So this morning I woke up to rain. It was fabulous! I think the weather may finally be changing. It made me crave soup. Not just any soup, though – homemade soup. Once you get used to homemade soup you just can’t go back to canned. I said as much to my other roommate (B) and she said she wished she knew someone who knew how to make potato soup. I laughed. It’s so easy! So now there is a pot of potato soup sitting on the stove. If my roommates don’t get home soon they’re going to be eating potato mush rather than potato soup. :/ Oh well. It will still taste good.

I’ve also got a pot of apples simmering on the stove. There’s nothing quite like good, fresh homemade applesauce. :)

Yay for comfort food!

 

Obsessions September 13, 2009

Filed under: Uncategorized — operawannabe @ 8:14 pm

I’ve been back in school for a few weeks now, and so far I’m surviving. At the beginning of a new semester I’m always one part excited, one part scared, and three parts stressed. Some days I don’t know how I’ll make it through, but I always do it somehow. And I always somehow manage to pull A’s out of what occasionally seems like thin air.

Work is going well. I have a beginning voice class, which is kinda fun. It won’t be so fun in two weeks when some dean of something comes to observe my teaching, but even though I’m slightly stressed about it I know it will go fine. I also have nine private voice students. Nine is a HUGE relief after the seventeen I had last semester. But there are still challenges, including one student who is mad at me for giving her Baroque and Classical songs. All she wants to sing is Romantic, and she’s practically throwing a temper tantrum. She hates her music and she keeps asking me to change something, but I’m sticking to my guns! The girl needs to learn rhythm and how to keep a steady tempo, not to mention that she’s far too young to sing the stuff she wants to sing. I also have a student who can’t read a single note. I have to spoon feed her every pitch and rhythm. It’s frustrating because it leaves no time to teach technique. Otherwise I have a good studio this semester.

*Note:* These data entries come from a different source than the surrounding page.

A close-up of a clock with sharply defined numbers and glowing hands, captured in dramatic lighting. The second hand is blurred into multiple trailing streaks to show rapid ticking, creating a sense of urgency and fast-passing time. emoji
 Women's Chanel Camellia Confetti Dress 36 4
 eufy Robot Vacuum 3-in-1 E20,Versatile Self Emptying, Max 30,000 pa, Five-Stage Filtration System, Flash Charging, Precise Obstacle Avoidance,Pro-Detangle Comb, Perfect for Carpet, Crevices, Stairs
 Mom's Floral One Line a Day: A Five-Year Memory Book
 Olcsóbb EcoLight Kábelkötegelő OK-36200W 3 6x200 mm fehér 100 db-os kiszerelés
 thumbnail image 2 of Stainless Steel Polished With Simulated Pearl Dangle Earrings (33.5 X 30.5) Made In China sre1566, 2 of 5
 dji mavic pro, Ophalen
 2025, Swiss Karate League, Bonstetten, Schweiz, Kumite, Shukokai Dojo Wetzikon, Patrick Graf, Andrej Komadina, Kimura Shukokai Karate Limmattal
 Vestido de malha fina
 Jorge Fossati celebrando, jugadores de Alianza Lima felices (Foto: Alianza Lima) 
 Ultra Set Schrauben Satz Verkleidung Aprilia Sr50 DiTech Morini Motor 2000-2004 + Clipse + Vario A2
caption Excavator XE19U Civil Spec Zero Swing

School is also going fine. So far. I have my first large-ish assignment due on Wednesday, and I’m only about half-way done with it. Damn me and my procrastination! But that brings me back to the title of this post… OBSESSIONS!

Haha! I have two new obsessions. Well, the first isn’t really new so much as revived. Once upon a time I was in love with early music. I have rediscovered that love, but this time in a slightly altered form. Before I was in love with early choral music (Medieval, Renaissance, Baroque… generally the earlier, the better). I’m taking a vocal literature class this semester, and in the first couple weeks we were studying early music. We listened to some fantastically beautiful music and I fell in love all over again! Dowland, Morley, Strozzi, Purcell, Monteverdi, the Camerata, Arie Antiche, et al… The first recording we listened to was Christoph Genz singing “It was a lover and his lass.” I have always hated that song! I thought it was utterly annoying. But after hearing this tenor sing it so beautifully, I can’t seem to get it out of my head. And I’m actually enjoying having it stuck there. Go figure. :) I’ve been so engrossed with listening to early music that I’ve been neglecting the literature I have to learn for the semester. Bad me!

Obsession #2 came about just last night. I was bored, so I went on the Netflix website to find something to watch. I really was wanting to watch some Star Trek Voyager (yes, I’m a “trekkie”), but they don’t have Voyager set up to watch online. So I started poking around to see what else there was. They always have suggestions, of course, based on other movies you’ve rated, and since I absolutely love Jane Austen’s novels and consequently the movies that are based on them, Netflix told me I should watch a BBC miniseries called “North & South.” I honestly wasn’t expecting it to be very good, but I was pleasantly surprised! Very pleasantly surprised. :) It’s about a girl, Margaret Hale, who’s father decides to switch professions, from pastor to teacher, and uproots his family from the south of England to a mill town in the north, where the whole family has a difficult time of adjusting. I won’t tell the whole story, because I really think you (if anyone is actually reading this) should watch it, but I will say that in true Austen fashion, there is a little bit of scandal, a rather fabulous and at times frustrating romance, and plenty of disapproving family involved. And yes, the gent she falls for is very yummy, indeed. :) Well, he starts out ok-looking, and then he grows on you until you just want to keep staring at his beautiful face. And I am always pleased when the heroine is not a blonde toothpick with no brains.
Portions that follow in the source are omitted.